Regex (Regular Expressions) is like the magic wand of text manipulation to perform tasks like data validation, text manipulation, parsing, and more. It allows you to search for specific patterns of characters, such as email addresses, phone numbers, URLs, or any other custom pattern you define.

Metacharacters

In regular expressions (regex), metacharacters are special characters with a reserved meaning. They have a unique significance and are used to define patterns for pattern matching or text manipulation. When using regex, these metacharacters enable you to create more complex and flexible patterns to match specific strings or patterns within a text.

Here is a list of common metacharacters in regex:

common regex metacharacters, their acronyms, and an example

Example:

Ruby script takes one command-line argument when executed. The input to the script is a string representing an IP address in the form of "127.0.0.x," where 'x' can be any single digit between 0 and 9.

#!/usr/bin/env ruby 
puts ARGV[0].scan(/127.0.0.[0-9]/).join

#!/usr/bin/env ruby: This is called a shebang line, and it indicates that the script should be run using the Ruby interpreter.
puts: It is a Ruby method used to print the output to the console.
ARGV[0]: This accesses the first command-line argument passed to the script.
.scan(/127.0.0.[0-9]/): The scan method in Ruby is used to find all occurrences of a particular regular expression pattern in a given string. In this case, the pattern /127.0.0.[0-9]/ is used. Let's break down the pattern:
- 127.0.0.: This part of the pattern matches the literal characters "127.0.0." in the input string.
- [0-9]: This part of the pattern is a character class that matches any single digit between 0 and 9. So, the entire pattern matches an IP address in the format "127.0.0.x," where 'x' is any single digit between 0 and 9.
.join: The join method is used to join all the matching occurrences found by scan into a single string.

When you run the script with an IP address as a command-line argument, it will extract the matching part of the IP address (i.e., "127.0.0.x") and print it to the console.

Example usages and outputs:

Input: ./example.rb 127.0.0.2 Output: 127.0.0.2
Input: ./example.rb 127.0.0.1 Output: 127.0.0.1
Input: ./example.rb 127.0.0.a Output: (No output, as it does not match the specified pattern)
Resource : rubular.com
https://rubular.com/

Repetition tokens

Used to specify how many times a particular token should be repeated in a regular expression. There are three main repetition tokens:

* - Matches the preceding token zero or more times.
+ - Matches the preceding token one or more times.
? - Matches the preceding token zero or one time.
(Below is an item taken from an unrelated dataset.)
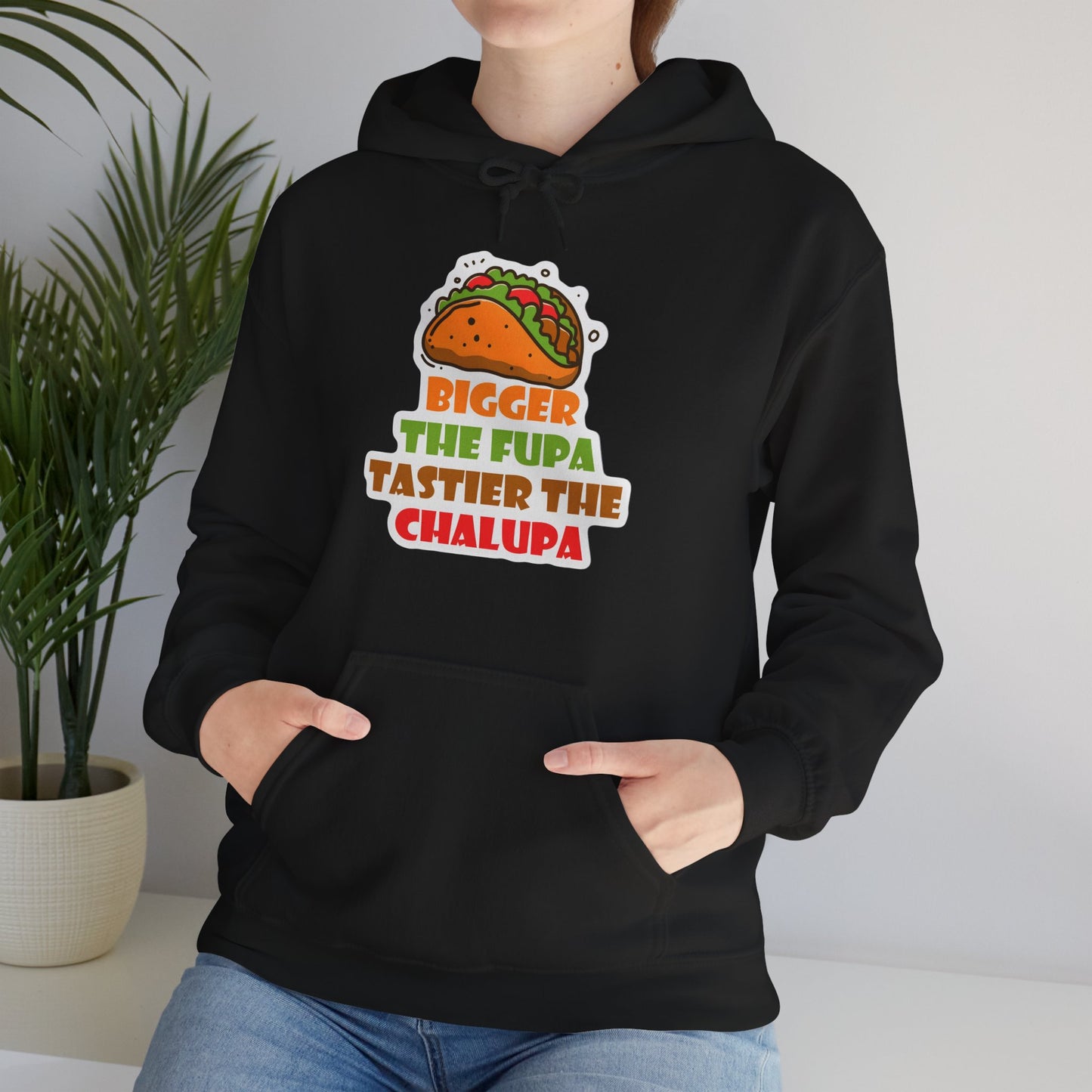 Chalupa Taco Hoodie — "Bigger the Fupa Tastier the Chalupa" Funny Foodie Sweatshirt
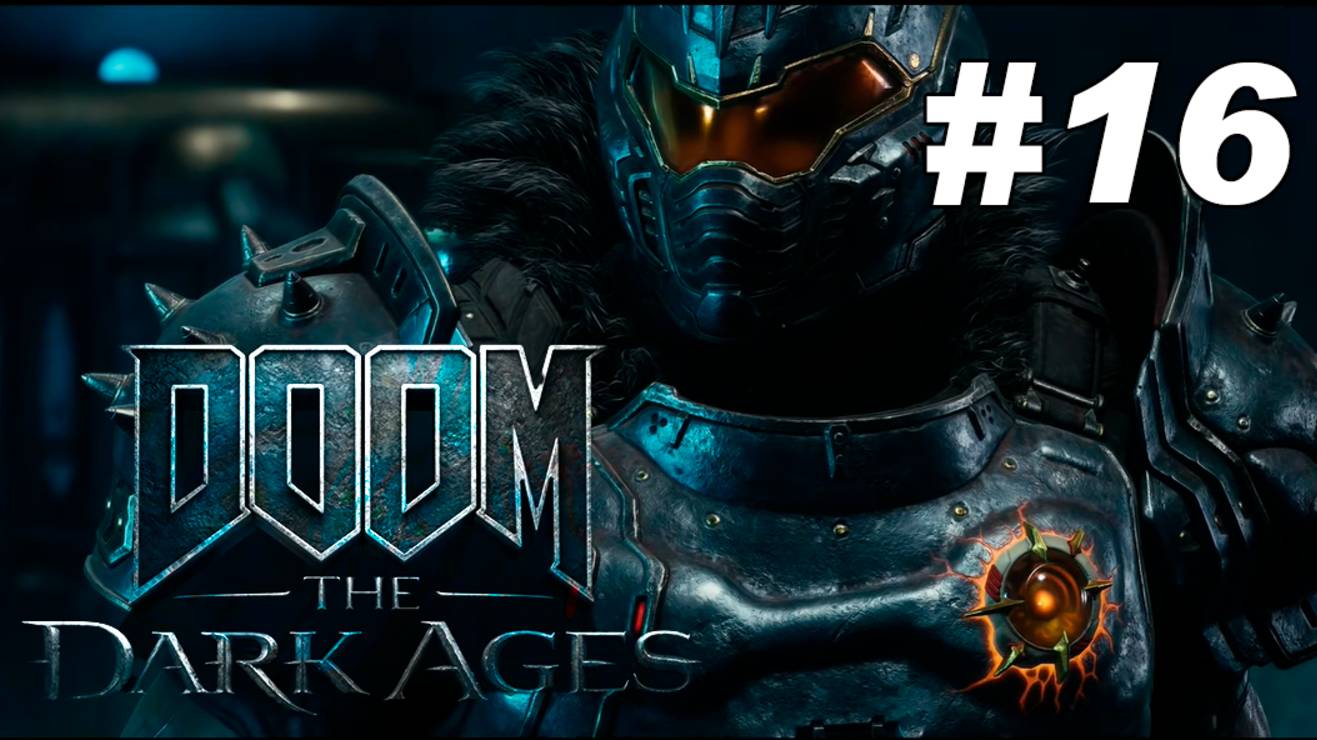 DOOM: The Dark Ages #16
For example, the regular expression:

\d* matches any string of zero or more digits.

\w+ matches any string of one or more alphanumeric characters.

You can also use repetition tokens to specify a specific number of times that a token should be repeated. To do this, you use the syntax {min,max}, where min is the minimum number of times that the token should be repeated and max is the maximum number of times that the token should be repeated.
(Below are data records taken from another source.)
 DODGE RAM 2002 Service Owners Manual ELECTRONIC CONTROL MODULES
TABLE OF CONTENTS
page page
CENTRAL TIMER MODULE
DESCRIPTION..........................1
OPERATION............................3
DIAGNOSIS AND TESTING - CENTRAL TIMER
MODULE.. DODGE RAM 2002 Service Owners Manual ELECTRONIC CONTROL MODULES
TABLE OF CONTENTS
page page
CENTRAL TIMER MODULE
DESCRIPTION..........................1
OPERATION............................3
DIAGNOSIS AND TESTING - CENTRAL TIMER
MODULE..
For example, the regular expression \d{1,3} matches any string of one, two, or three digits.

It's important to note that repetition tokens are greedy by default. This means that the regex engine will try to match as many repetitions of the token as possible. If you want to match a specific number of repetitions, you can use the ? quantifier after the number.
For example, the regular expression \d{1,3}? matches any string of one, two, or three digits, but it will only match exactly one or three digits if possible.

Here is a table summarizing the different repetition tokens in regex:

Table summarizing the different repetition tokens in regex.

Greedy Matching:

Greedy behaviour causes the regular expression to match the entire string starting from the first "<" and ending with the last ">". It does not stop at the first ">" encountered.

Non-greedy or lazy matching

The regular expression <.+?> is a valid expression that uses non-greedy or lazy matching. It will match the shortest possible sequence of characters enclosed between `<` and `>`. Here's the breakdown:

- `<`: Matches the literal character "<".

- `.+?`: The dot `.` matches any character (except a newline) and the `+` means one or more occurrences. The `?` after `+` makes the matching non-greedy or lazy, meaning it will match the shortest possible sequence instead of the longest possible sequence. In this context, it will match any characters until it finds the first ">" encountered.

- `>`: Matches the literal character ">".

For example, given the input string: `<tag1> Some text <tag2> More text </tag2> </tag1>`, the regular expression `<.+?>` will match the following substrings:

1. `<tag1>`

2. `<tag2>`

3. `</tag2>`

4. `</tag1>`

Each match captures the shortest sequence of characters enclosed between `<` and `>`. Note that the non-greedy behavior is essential here to prevent the expression from matching the entire string as a single match (greedy behavior). If we were to use `.+` (greedy), it would match the entire string from the first `<` to the last `>`.

Backtracing

Backtracking is a technique used by regular expression engines to find matches for a regular expression pattern. It works by trying different possible matches, and backtracking if a match fails.

Backtracking is necessary because regular expression patterns can be ambiguous.

For example, the regular expression \w+ can match a string of one or more alphanumeric characters, or it can match a string of one or more spaces. If the regular expression engine encounters a string that could match either of these possibilities, it must backtrack to try the other possibility.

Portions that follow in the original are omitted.